I have data like this.

Ram,500
Sam,400
Test,100
Ram,800
Sam,700
Test,300
Ram,900
Sam,800
Test,400

What is the shortest way to fine the "median" from above data. My result should be something like...

Median = 1/2(n+1), where n is the number of data values in the sample.

Test 500
Sam 700
Ram 800
6
If you're just looking for median algorithms try this one - John Mee

6 Answers

40
votes

Python 3.4 includes statistics built-in, so you can use the method statistics.median:

>>> from statistics import median
>>> median([1, 3, 5])
 3
31
votes

Its a little unclear how your data is actually represented, so I've assumed it is a list of tuples:

data = [('Ram',500), ('Sam',400), ('Test',100), ('Ram',800), ('Sam',700), 
        ('Test',300), ('Ram',900), ('Sam',800), ('Test',400)]

from collections import defaultdict

def median(mylist):
    sorts = sorted(mylist)
    length = len(sorts)
    if not length % 2:
        return (sorts[length / 2] + sorts[length / 2 - 1]) / 2.0
    return sorts[length / 2]

data_dict = defaultdict(list)
for el in data:
    data_dict[el[0]].append(el[1])

print [(key,median(val)) for key, val in data_dict.items()] 
print median([5,2,4,3,1])   
print median([5,2,4,3,1,6])
#output:
[('Test', 300), ('Ram', 800), ('Sam', 700)]
3
3.5

The function median returns the median from a list. If there are an even number of entries it takes the middle value of the middle two entries (this is standard).

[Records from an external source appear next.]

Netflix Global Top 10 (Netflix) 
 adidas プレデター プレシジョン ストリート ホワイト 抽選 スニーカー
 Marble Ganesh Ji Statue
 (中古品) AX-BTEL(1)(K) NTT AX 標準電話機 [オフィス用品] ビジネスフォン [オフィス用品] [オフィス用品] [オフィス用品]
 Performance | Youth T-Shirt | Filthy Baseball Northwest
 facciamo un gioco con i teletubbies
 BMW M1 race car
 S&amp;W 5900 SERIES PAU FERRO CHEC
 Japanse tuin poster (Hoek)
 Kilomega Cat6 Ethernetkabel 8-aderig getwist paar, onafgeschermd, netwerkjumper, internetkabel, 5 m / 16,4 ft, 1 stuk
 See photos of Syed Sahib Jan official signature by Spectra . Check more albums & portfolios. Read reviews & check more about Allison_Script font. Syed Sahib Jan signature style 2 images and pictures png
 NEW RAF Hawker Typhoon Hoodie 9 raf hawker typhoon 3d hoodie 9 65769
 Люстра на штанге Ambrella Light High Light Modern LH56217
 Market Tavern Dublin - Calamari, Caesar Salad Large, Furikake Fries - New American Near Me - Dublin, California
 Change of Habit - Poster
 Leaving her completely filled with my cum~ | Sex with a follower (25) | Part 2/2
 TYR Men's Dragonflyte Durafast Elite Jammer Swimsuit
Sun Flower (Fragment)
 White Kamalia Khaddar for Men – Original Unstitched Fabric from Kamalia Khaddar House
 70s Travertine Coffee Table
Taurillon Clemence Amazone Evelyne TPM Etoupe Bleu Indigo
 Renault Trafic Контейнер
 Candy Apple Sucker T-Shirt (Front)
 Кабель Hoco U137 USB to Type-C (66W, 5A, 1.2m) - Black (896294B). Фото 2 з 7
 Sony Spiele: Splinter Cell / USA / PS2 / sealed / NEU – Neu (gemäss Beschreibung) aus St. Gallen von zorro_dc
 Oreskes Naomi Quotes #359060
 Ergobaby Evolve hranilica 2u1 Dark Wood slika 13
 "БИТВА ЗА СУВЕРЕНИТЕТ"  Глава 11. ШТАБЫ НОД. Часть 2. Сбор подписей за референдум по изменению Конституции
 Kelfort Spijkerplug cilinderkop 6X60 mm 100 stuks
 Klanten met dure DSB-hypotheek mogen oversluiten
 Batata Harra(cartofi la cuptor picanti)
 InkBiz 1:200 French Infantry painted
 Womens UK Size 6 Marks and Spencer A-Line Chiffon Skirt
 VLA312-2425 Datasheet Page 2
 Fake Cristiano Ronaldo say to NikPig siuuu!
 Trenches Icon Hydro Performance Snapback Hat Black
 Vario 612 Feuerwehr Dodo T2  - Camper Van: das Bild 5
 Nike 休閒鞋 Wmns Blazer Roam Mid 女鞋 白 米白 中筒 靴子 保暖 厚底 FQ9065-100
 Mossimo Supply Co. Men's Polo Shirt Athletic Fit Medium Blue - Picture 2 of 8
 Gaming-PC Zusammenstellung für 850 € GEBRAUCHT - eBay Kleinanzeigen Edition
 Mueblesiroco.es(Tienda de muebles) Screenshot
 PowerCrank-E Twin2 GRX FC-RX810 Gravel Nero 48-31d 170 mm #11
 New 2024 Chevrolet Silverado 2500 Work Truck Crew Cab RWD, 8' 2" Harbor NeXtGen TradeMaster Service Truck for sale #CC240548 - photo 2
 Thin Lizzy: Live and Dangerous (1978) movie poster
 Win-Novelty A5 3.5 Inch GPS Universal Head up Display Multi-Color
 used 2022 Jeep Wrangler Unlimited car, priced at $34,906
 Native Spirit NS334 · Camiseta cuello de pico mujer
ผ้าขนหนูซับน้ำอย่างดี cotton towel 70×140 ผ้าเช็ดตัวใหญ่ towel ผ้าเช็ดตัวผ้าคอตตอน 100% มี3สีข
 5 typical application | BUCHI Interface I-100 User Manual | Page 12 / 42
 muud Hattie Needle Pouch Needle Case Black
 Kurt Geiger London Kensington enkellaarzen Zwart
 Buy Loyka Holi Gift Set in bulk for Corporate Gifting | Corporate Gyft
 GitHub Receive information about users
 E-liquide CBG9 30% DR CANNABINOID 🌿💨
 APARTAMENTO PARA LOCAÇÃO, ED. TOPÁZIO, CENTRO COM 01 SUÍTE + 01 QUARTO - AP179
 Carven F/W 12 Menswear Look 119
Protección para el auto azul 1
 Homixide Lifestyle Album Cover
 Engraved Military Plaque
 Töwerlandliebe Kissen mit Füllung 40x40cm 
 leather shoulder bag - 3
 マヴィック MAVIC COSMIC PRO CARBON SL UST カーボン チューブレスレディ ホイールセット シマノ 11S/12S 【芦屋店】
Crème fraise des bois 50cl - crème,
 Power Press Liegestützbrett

I've used defaultdict to create a dict keyed by your data and their values, which is a more useful representation of your data.

4
votes

Check this out:

def median(lst):
    even = (0 if len(lst) % 2 else 1) + 1
    half = (len(lst) - 1) / 2
    return sum(sorted(lst)[half:half + even]) / float(even)

Note:

sorted(lst) produces a sorted copy of lst;

sum([1]) == 1;

0
votes

Easiest way to get the median of a list with integer data:

x = [1,3,2]
print "The median of x is:",sorted(x)[len(x)//2]
0
votes

I started with user3100512's answer and quickly realized it doesn't work for an even number of items. I added some conditionals to it to compute the median.

def median(x):
    if len(x)%2 != 0:
        return sorted(x)[len(x)/2]
    else:
        midavg = (sorted(x)[len(x)/2] + sorted(x)[len(x)/2-1])/2.0
        return midavg

    median([4,5,6,7])

should return 5.5